Facial expressions provide various types of messages for human communications. Facial expression synthesis is clearly of interest for many multimedia applications such as human-computer interaction, entertainment, virtual agents, interactive gaming, computer based learning, video teleconferences, and animation. To interactively synthesize the facial expressions of a live person, we need an automated facial expression analysis system, which can recognize the spontaneous facial expressions, by explicitly modeling their temporal behavior so that the various stages of the development of a human emotion can be interpreted by machine. However, extending the existing methods to spontaneous facial behavior analysis and synthesis is a non-trivial problem due to the following challenges.

  • 1.

    Thousands of distinct nonrigid facial muscular movements related to facial actions have been observed so far (Scherer, 1982), and most of them differ subtly in a few facial features.

  • 2.

    Compared to the highly controlled conditions of posed facial expressions, spontaneous facial expressions often co-occur with natural head movement when people communicate with others.

  • 3.

    Unlike the posed facial expressions, most of the spontaneous facial expressions are activated without significant facial appearance changes. In addition, the spontaneous facial expression often has a slower onset phase and a slower offset phase compared to the posed facial expression. (Cohn, 2004)

  • 4.

    The spontaneous facial expression may have multiple facial expressions often occurring sequentially without always following a neutral-expression-neutral temporal pattern (Pantic, 2006) as for the posed facial expressions.

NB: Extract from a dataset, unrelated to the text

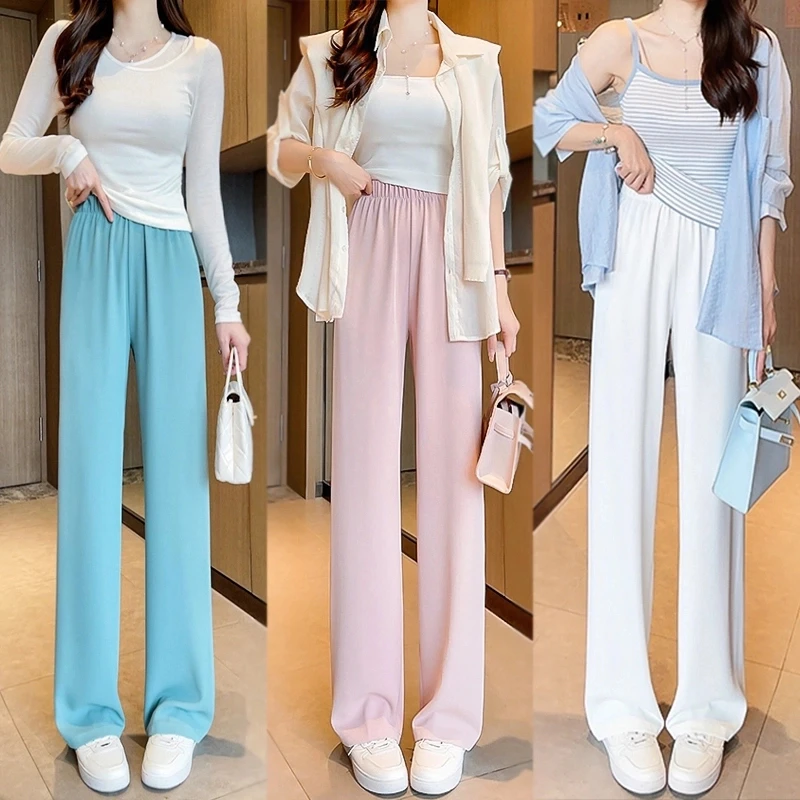 2025夏季垂感阔腿显瘦高腰窄版百搭薄款西装直筒拖地裤女K54366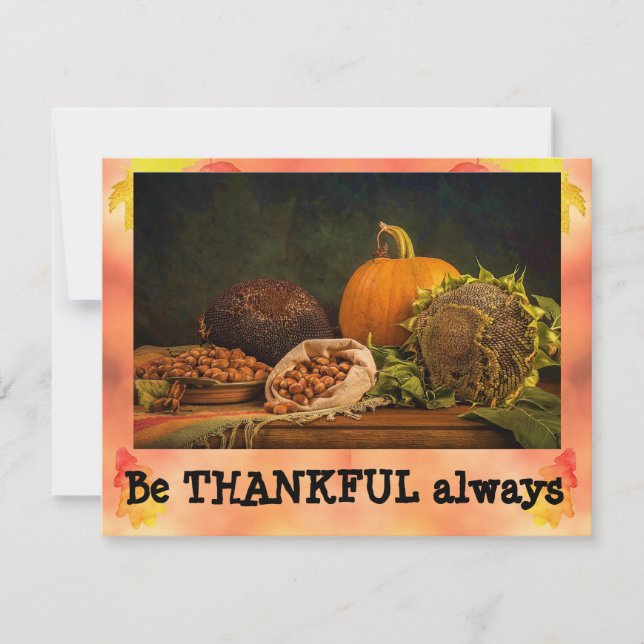 BE THANKFUL ALWAYS Cute Fall Greeting Card (Front)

Since the MPEG-4 visual standard (MPEG4, 1998) will have a crucial role in forthcoming multimedia applications, the facial expression synthesis has gained much interest within the MPEG-4 framework. The MPEG-4 visual standard specifies a set of facial definition parameters (FDPs) and facial animation parameters (FAPs). The FAPs are used to characterize the movements of facial features defined over jaw, lips, eyes, mouth, nose, cheek, which are adequate to define the measurement of muscular actions relevant to AUs. Moreover, the FAPs can be placed on any synthetic facial model in a consistent manner with little influence by the inter-personal variations. For animating a person in a remote end, the FDPs are normally transmitted once per session and then followed by a stream of compressed FAPs. The animation of a virtual face is achieved by first transmitting the coded FAPs and then re-synthesizing on the client-side. To accommodate very low bandwidth constraint, the FAPs must be compressed. Despite significant progress, the current techniques in facial expression synthesis face several issues that still need to be resolved.

  • 1.

    Although the discrete cosine transform (DCT) technique can achieve a high FAP compression, the DCT involves a large coding delay (temporal latency) that makes it unsuitable for real time interactive applications. The principal component analysis (PCA) is able to achieve a high FAP compression for intraframe coding, however, it compromises the reconstruction accuracy.

  • 2.

    An automated video analyzer may often misdetect some facial features. Consequently, this may create animation artifacts on the facial model, which affects the perceptual quality of facial animation.

  • 3.

    The intensity of facial expressions reveals the emotional evolution. It is difficult for machine to extract the subtle variation of facial features. Consequently, a dynamic behavior of human expressions is difficult to be animated. However, as indicated by physiologists, the temporal course information is necessary for lifelike facial animation (Allman, 1992).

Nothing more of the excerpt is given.